Undergrad Chemistry class tends to use a blockey rule-of-thumb form of quantum mechanics ... taking the basic results as a way to illustrate the way atoms can interact. You should be wary of drawing deeper conclusions from it.
The energy levels are the eigenvalue solutions to the schrodinger equation using the entire combined potential from every source. So they are the same level throughout something that can be said to be a molecule.
Although, for large complex molecules they can be tricky to calculate and hard to describe. The simpler cases are helpful to highlight the important points.
Like I said before, tunnelling is said to happen when a particle prepared on one side of a potential barrier is detected on the other side - and there was no classical way around the barrier. The particles wavefunction exists, in principle, through all space - though we usually approximate all space to something smaller like "inside the lab".
Something to think about - considering 1D only for ease of maths:
... when you bring two potential wells together (easier to see this with square wells btw) some of the energy eigenstates will be shared across the wells, while some (the lower ones in the deeper well) will not be.
The particle from the shallow well gets shared in the shared energy level - this will make for a covalent bond.
However, if there is an unoccupied unshared state, then there is a chance the particle will decay into it ... which breaks the bond. In this way, a particle can be said to escape one well to be captured by another.
The situation is clearer in a model where only the shallow well is occupied by a single particle and the deeper well is empty, initially the deeper well is "switched off" and at some time t=t0 the deep well is switched on. In that case, the ground-state wavefunction of the shallow well alone will be represented as a sum of the wavefunctions of the combined 2-well system ... making the energy level uncertain at any t > t0.
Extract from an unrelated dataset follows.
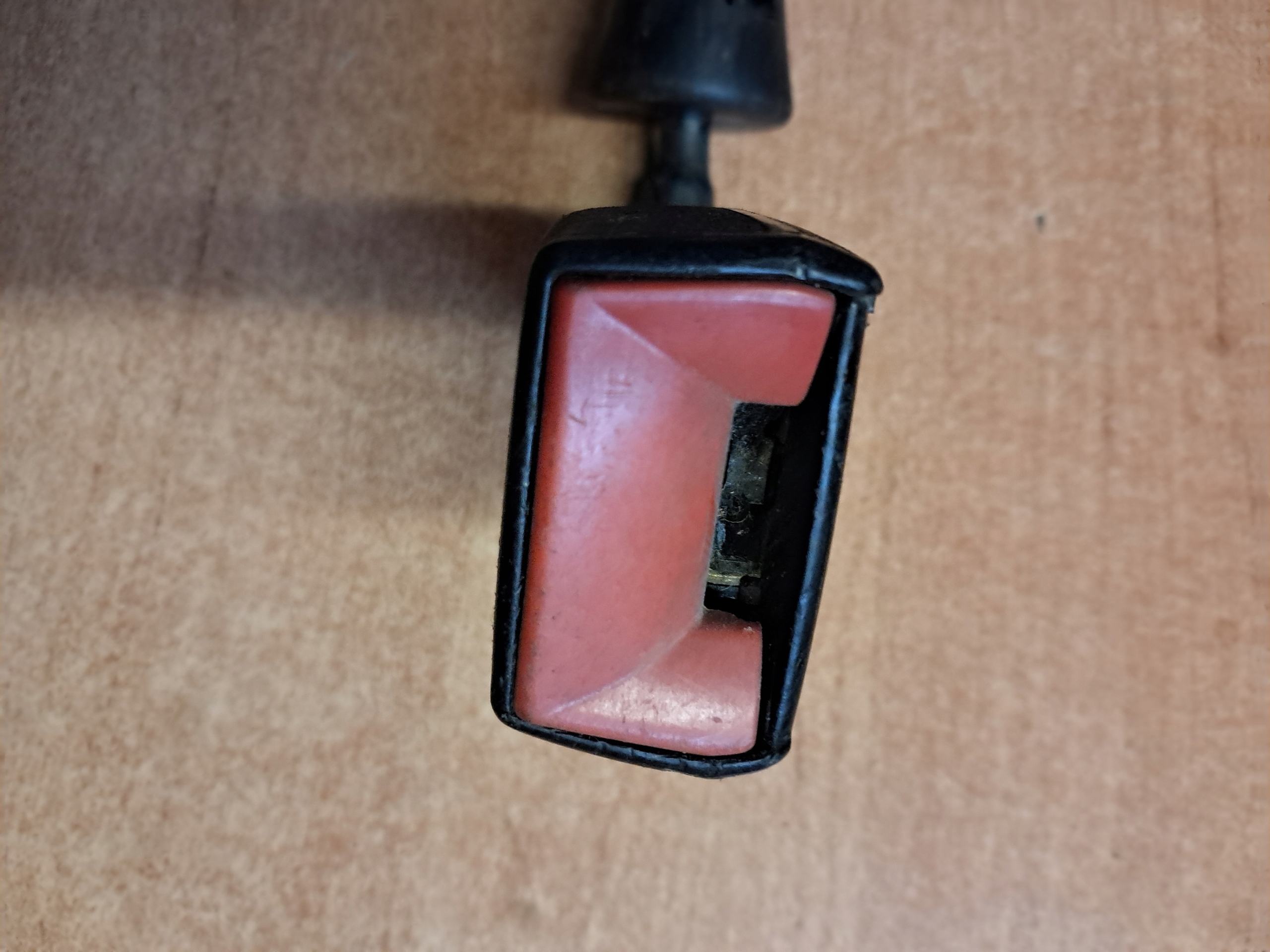 KLAMRA PASOW di sicurezza MERCEDES W124 1248602569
The time evolution of the states will have the particle's mean position "slosh" back and forth between the wells.
If the particles are electrons, then the atom with the deep electron potential becomes negatively charged and the other one becomes positive ... an ionic bond is possible.
An ionic bond would be modeled with the two ions as the particles moving in the potential well that results from their mutual attraction. If one is a lot less massive than the other, then we can approximate it as the light ion moving in the well of the heavy one.
There are lots of ways two atoms may be ionized - the, somewhat simplistic, treatment above was because you specifically asked about how neutral atoms could end up in an ionic bond all by themselves. The situation for your specific example would be more complicated than what I described - that was just to give you a bit of a feel for what sort of thing happens.
Notice that in none of the description did we think of the bond formation as a tunneling situation.
The tunneling model of alpha decay is a much better example.